So we should consider as almost certain that the Greek state will think of various ways through which it will attempt to acquire these foreign currency reserves.
As regards bank deposits, the Greek Central bank could (forcibly, by law) buy the reserves in exchange for newly created drachmas. (I didn't say "printed" -we will return to that).
As regards bank notes held outside the banks, the Greek state could
a) Accept euros when the citizens have to pay taxes etc.,
b) declare illegal any physical transfer of euros outside the country (we will return to that and to smuggling),
c) declare illegal any transaction between individuals using euros.
So the only legal way to use your hand-held euros would be to give it to the state or to the banks (which will hand them over to the Greek CB).
Now, it is easy to bring up the issue of smuggling, illegal activities, defying the law etc. But everything is a matter of degree. If the state is serious about enforcing these laws, not much of the amount of euros outside the banks will eventually leave the country. It is also important to take into account the fact that these foreign currency reserves are scattered over the whole population. Coordinating smuggling operations given such dispersion, will be a real issue.

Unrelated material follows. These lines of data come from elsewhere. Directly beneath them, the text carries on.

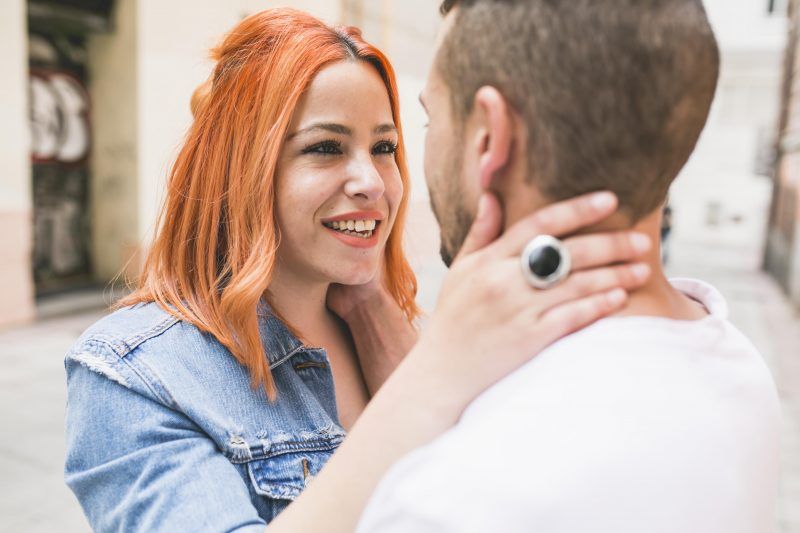 Retrato. Mujer sonriente abraza por el cuello a un hombre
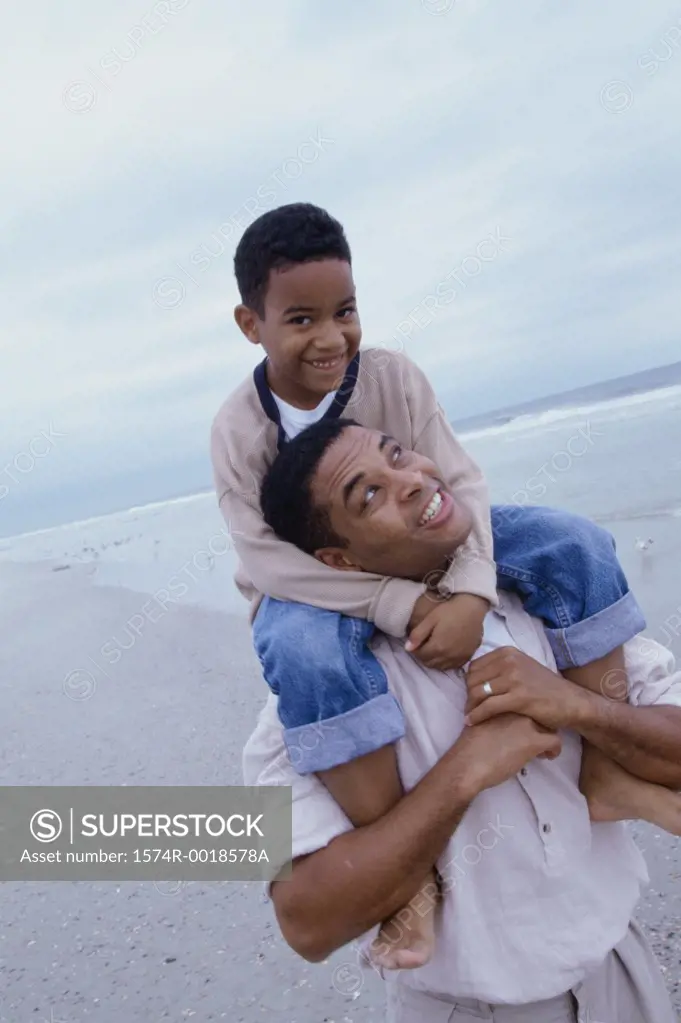 Close-up of a father carrying his son on his shoulders on the beach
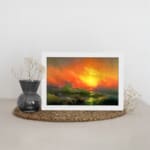 Infidu vintage ocean sunset wall art with fiery sky, waves, and glowing sun in bold colors of orange, red, yellow, and green. displayed on the wall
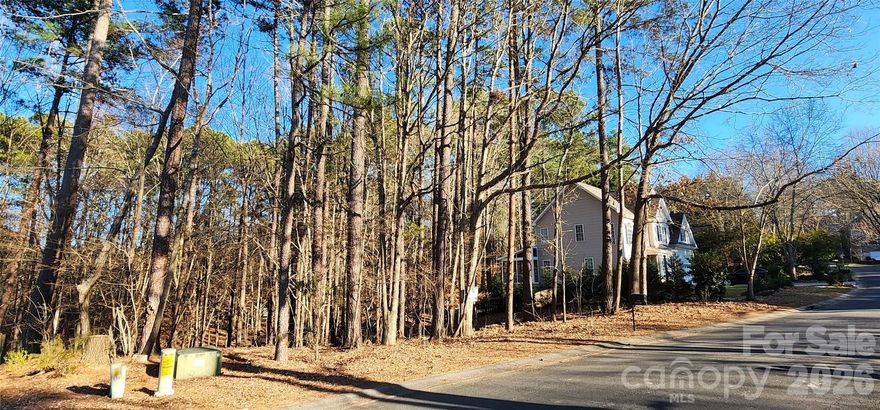 Excellent opportunity to build in the highly desirable Water Trace neighborhood of Tega Cay, SC. This ±0.39-acre residential lot offers a private, peaceful setting and is ready for construction with utilities available on site.

Enjoy a tranquil environment just minutes from shopping, dining, and use your golf cart to enjoy the premier local amenities including the 27-hole Tega Cay Golf Club, tennis and pickleball courts, and the marina with boat launch access to Lake Wylie. Tega Cay is also located within the award-winning Fort Mill School District.

Tega Cay is known for its strong sense of community, attractive South Carolina tax advantages, and convenient access to I-77 for an easy commute to Charlotte and surrounding employment centers.

Build-ready lots in Tega Cay are increasingly limited—don’t miss this opportunity to secure your place in one of the area’s most sought-after communities.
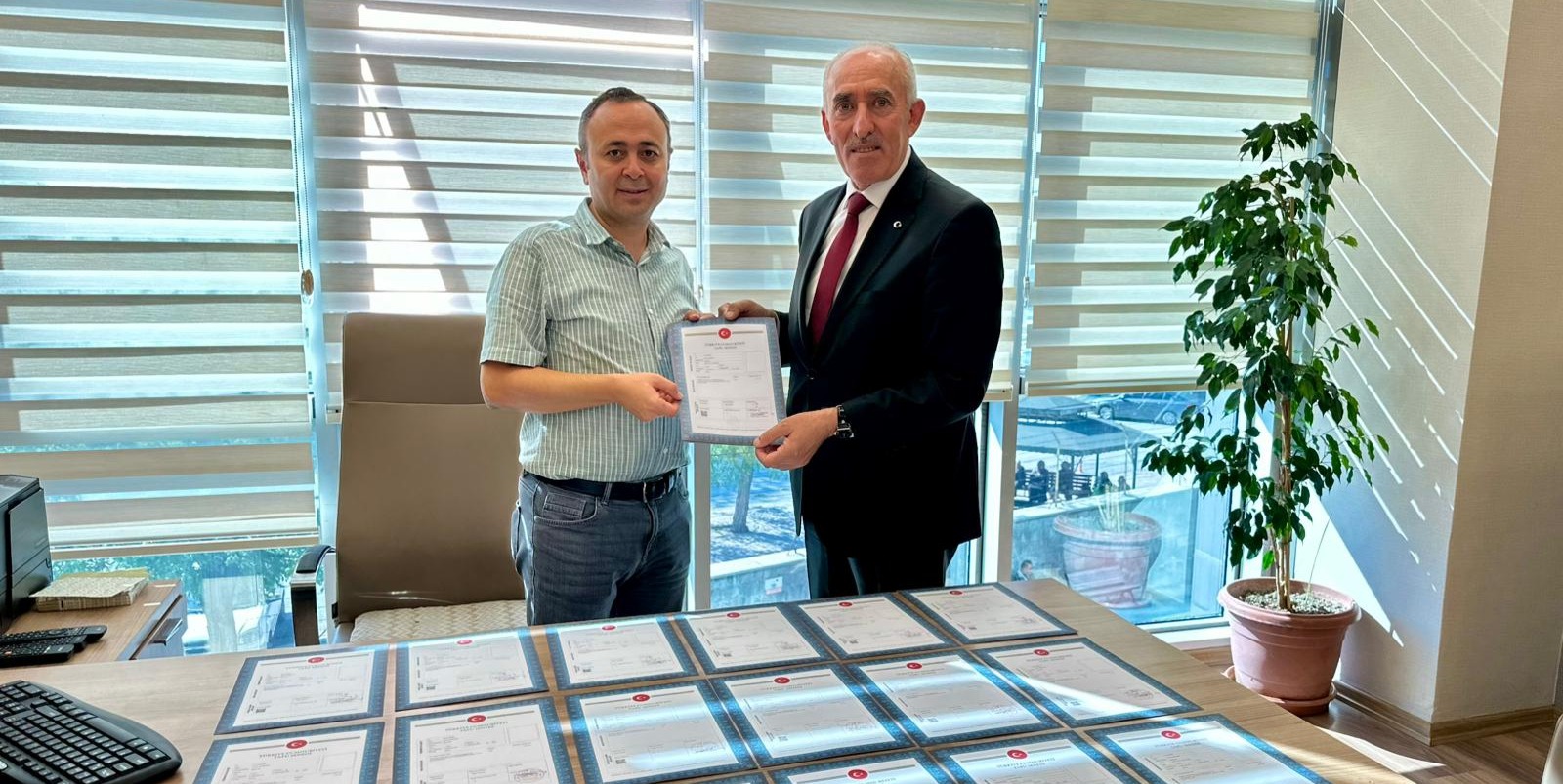 KESOB’un konut projesinde arsaların tapuları alındı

Finally, let's turn to the other very real issue that @FooBar discussed, the amount of time it takes to actually print the new money in sufficient quantities. Again, this is a matter of degree. How much actual paper money is needed, in the modern electronic banking/credit-card/commercial-credit environment? I should also mention that the Greek state has an active money-printing facility, since it has been printing euros all these time (as many eurozone states do).
So it is a matter of sitting down and measuring the time-table to print the new money in the quantities actually needed, assess the damage to economic activity because these new money will become available only gradually (while again, taking into account the ability to transact electronically/paperless-ly), and compare this damage to the damage done by outright destructing euro bank notes/foreign currency reserves, by punching holes in them, and count them as drachmas.
Once more, everything boils down to a cost-benefit analysis. And no - I will not venture any "impression" as to which cost is bigger.